Was there one?--was it his little lark, whom he had almost forgotten? No, nothing half so sweet. But it really was something--something which came nearer and nearer, so that there was no mistaking it. It was the sound of a trumpet, one of the great silver trumpets so admired in Nomansland. Not pleasant music, but very bold, grand, and inspiring.

As he listened to it the boy seemed to recall many things which had slipped his memory for years, and to nerve himself for whatever might be going to happen.

What had happened was this.

The poor condemned woman had not been such a wicked woman after all. Perhaps her courage was not wholly disinterested, but she had done a very heroic thing. As soon as she heard of the death and burial of the King and of the changes that were taking place in the country, a daring idea came into her head--to set upon the throne of Nomansland its rightful heir. Thereupon she persuaded the deaf-mute to take her away with him, and they galloped like the wind from city to city, spreading everywhere the news that Prince Dolor's death and burial had been an invention concocted by his wicked uncle that he was alive and well, and the noblest young prince that ever was born.

It was a bold stroke, but it succeeded. The country, weary perhaps of the late King's harsh rule, and yet glad to save itself from the horrors of the last few days, and the still further horrors of no rule at all, and having no particular interest in the other young princes, jumped at the idea of this Prince, who was the son of their late good King and the beloved Queen Dolorez.

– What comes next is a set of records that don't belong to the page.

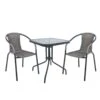 BALENO Set Κήπου - Βεράντας: Τραπέζι + 2 Πολυθρόνες Table:60x60x70 Seat:53x58x77 Μέταλλο Ανθρακί, Wicker Mixed Grey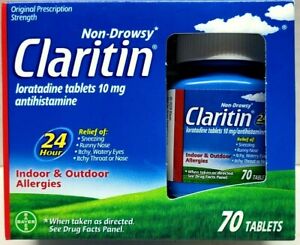 Claritin 24 Hour Non Drowsy In Door Outdoor Allergy Relief 70 Tablets 04/25+ NEW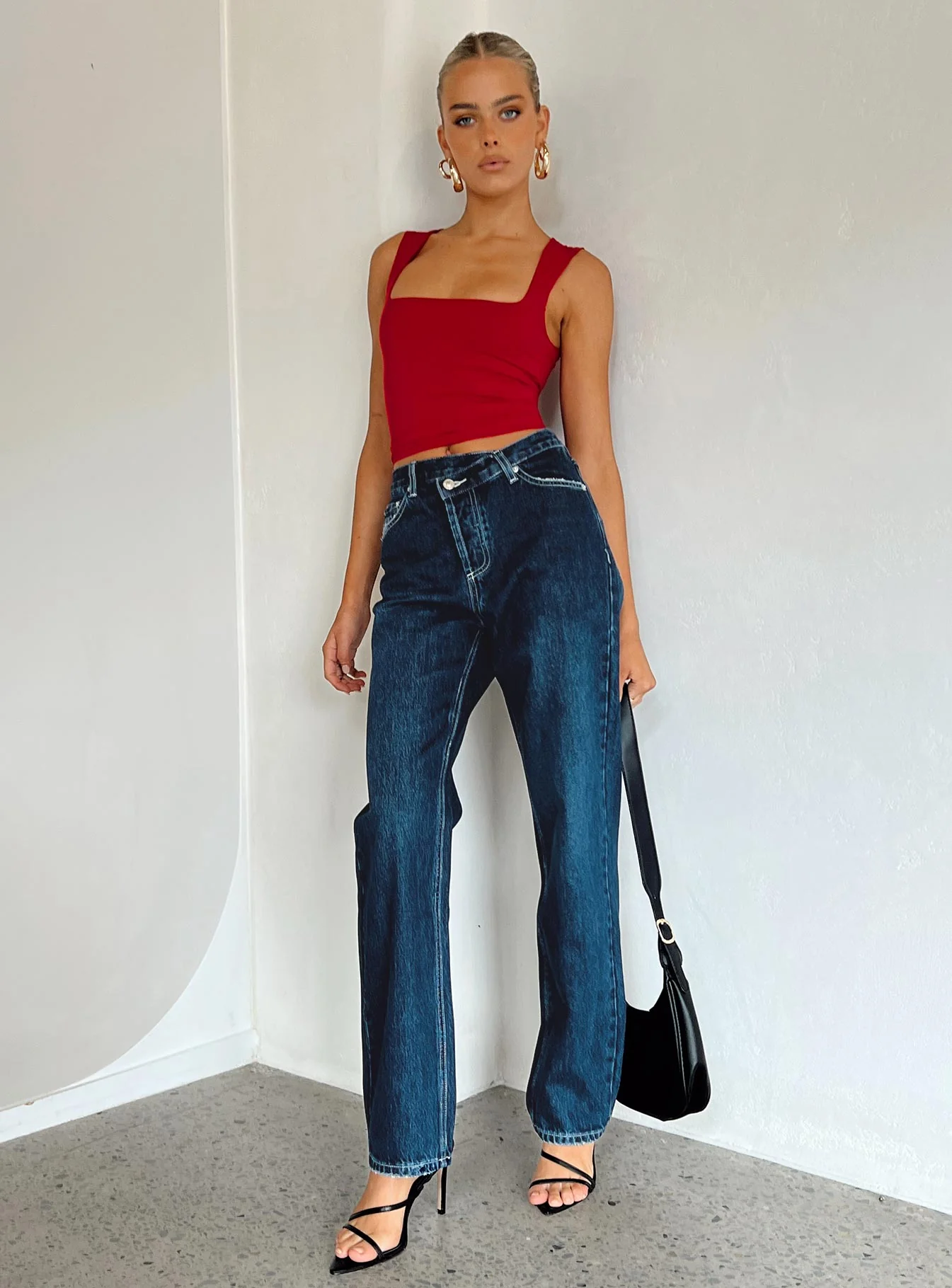 Holly Asymmetric Straight Leg Jean Dark Wash Denim - Image 2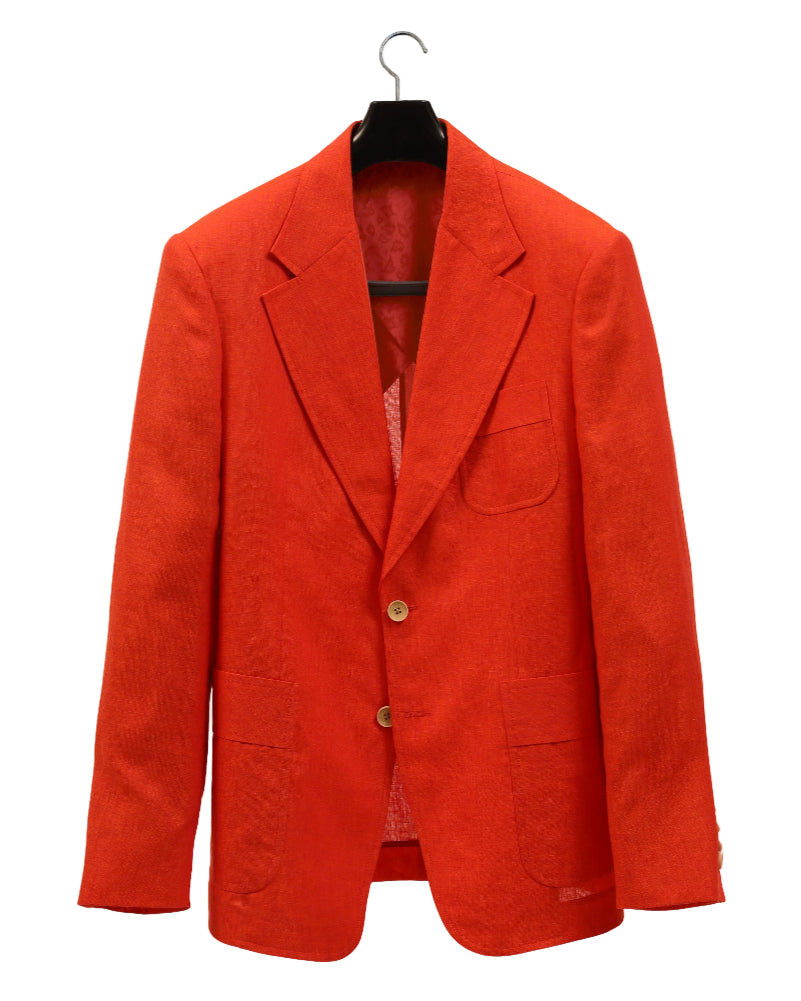 The COLOR CUT Red Orange Linen Suit Jacket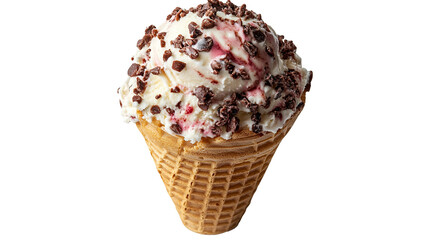 Delicious Ice Cream Cone with Swirled Topping: Perfect for Summer Treats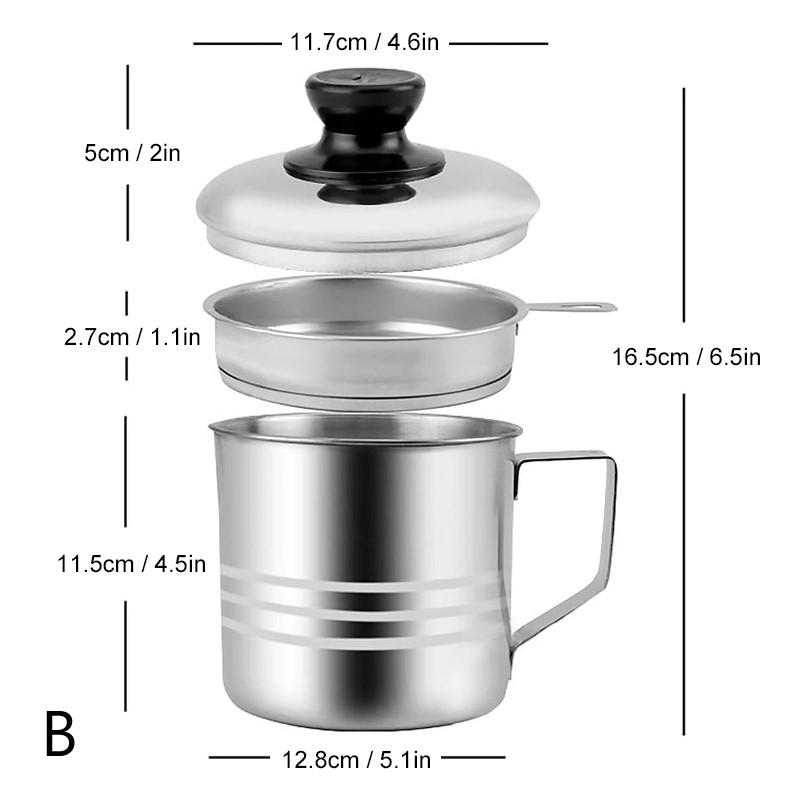 Grease Container with Strainer Stainless Steel 1.2 L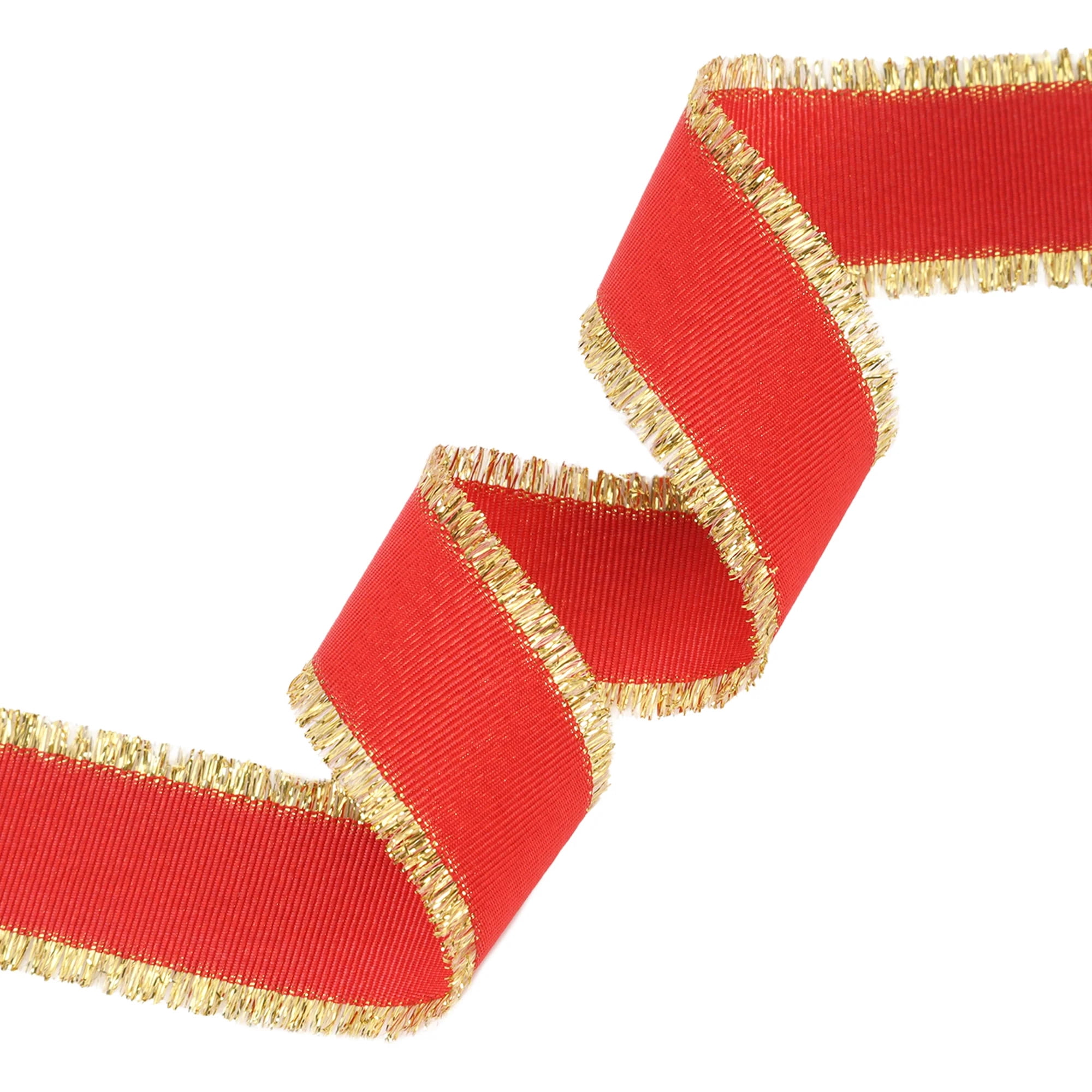 LaRibbons 1" Textured Grosgrain Ribbon | Gold Metallic Fringe Red | 25 Yard Roll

"Hurrah for Prince Dolor! Let Prince Dolor be our sovereign!" rang from end to end of the kingdom. Everybody tried to remember what a dear baby he once was--how like his mother, who had been so sweet and kind, and his father, the finest-looking king that ever reigned. Nobody remembered his lameness--or, if they did, they passed it over as a matter of no consequence. They were determined to have him reign over them, boy as he was--perhaps just because he was a boy, since in that case the great nobles thought they should be able to do as they liked with the country.

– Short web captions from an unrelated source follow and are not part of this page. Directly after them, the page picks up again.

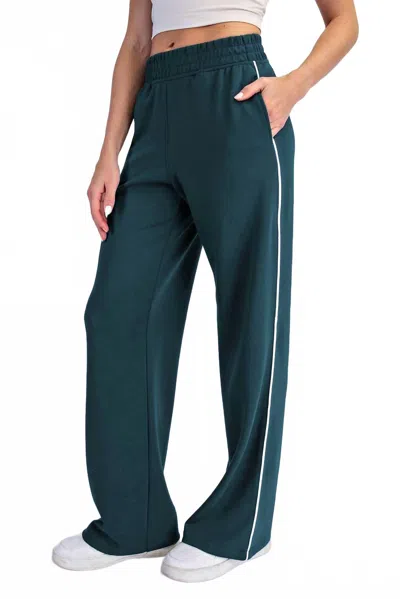 Rae Mode Modal Scuba Piping Straight Leg Pant In Midnight Green/cream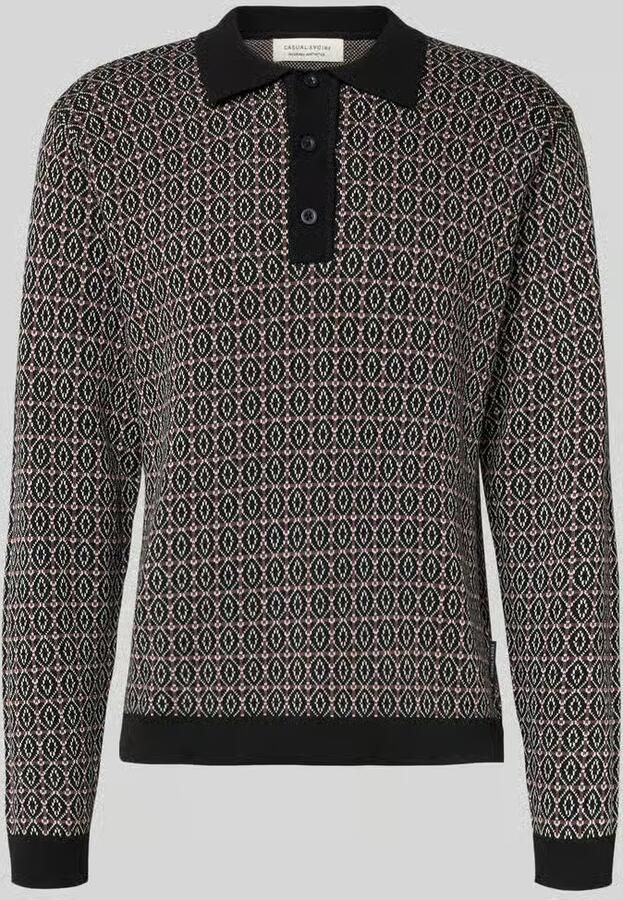 Casual friday Slim fit pullover met polokraag model 'Jacquard'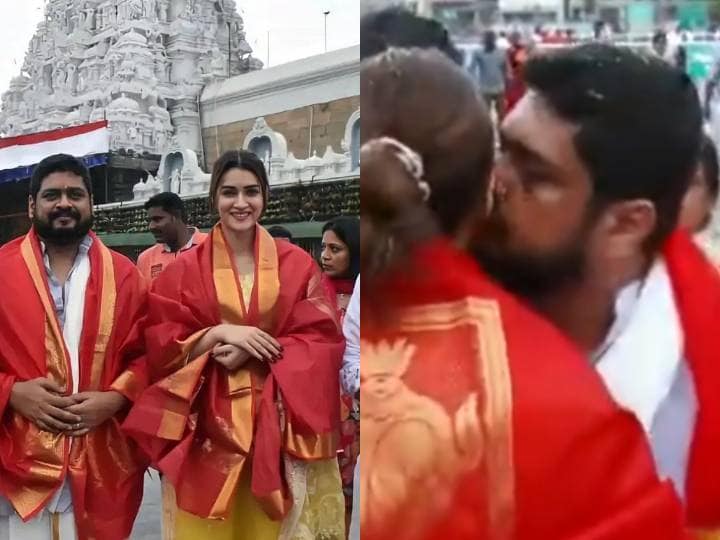 Adipurush Director Om Raut For Kissing Kriti Sanon At A Temple Kriti Sanon: திருப்பதி கோயிலில் பிரபல நடிகைக்கு முத்தம் கொடுத்த இயக்குநர்.. வலுக்கும் எதிர்ப்பு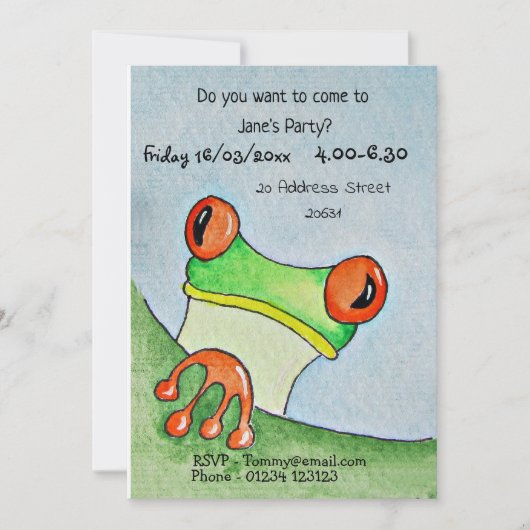 Niedlich Frog Party Einladung (Vorderseite)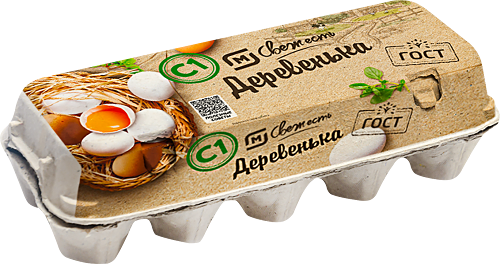 Яйцо куриное Магнит Деревенька деревенское С1 10 шт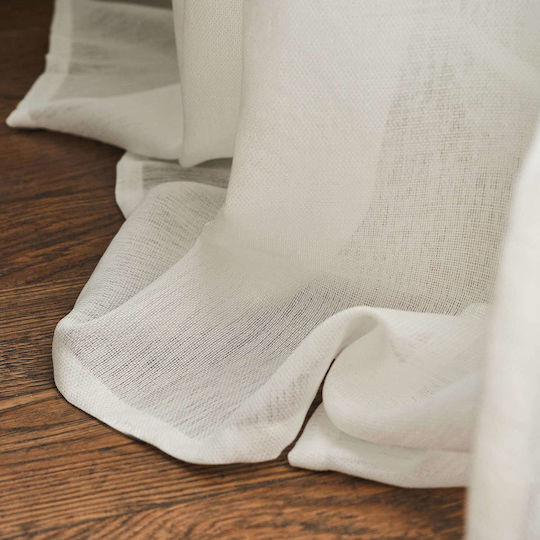 Gofis Home Κουρτίνα με Τρέσα Maisy 507 Λευκή 140x295εκ.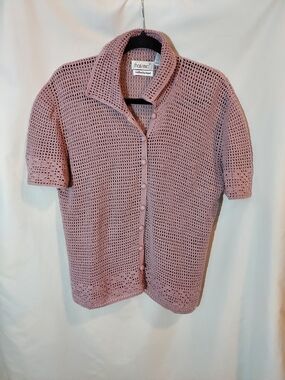 VTG That’s Me Hand Crochet Button Up Knit Polo Cardigan Shirt Dusty Pink M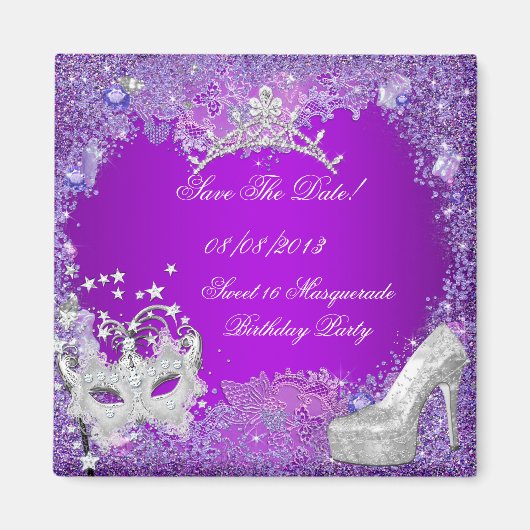 Save The Date Sweet 16 Masquerade Purple Pink マグネット (正面)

Accordingly, with a fickleness not confined to the people of Nomansland, no sooner was the late King laid in his grave than they pronounced him to have been a usurper; turned all his family out of the palace, and left it empty for the reception of the new sovereign, whom they went to fetch with great rejoicing, a select body of lords, gentlemen, and soldiers traveling night and day in solemn procession through the country until they reached Hopeless Tower.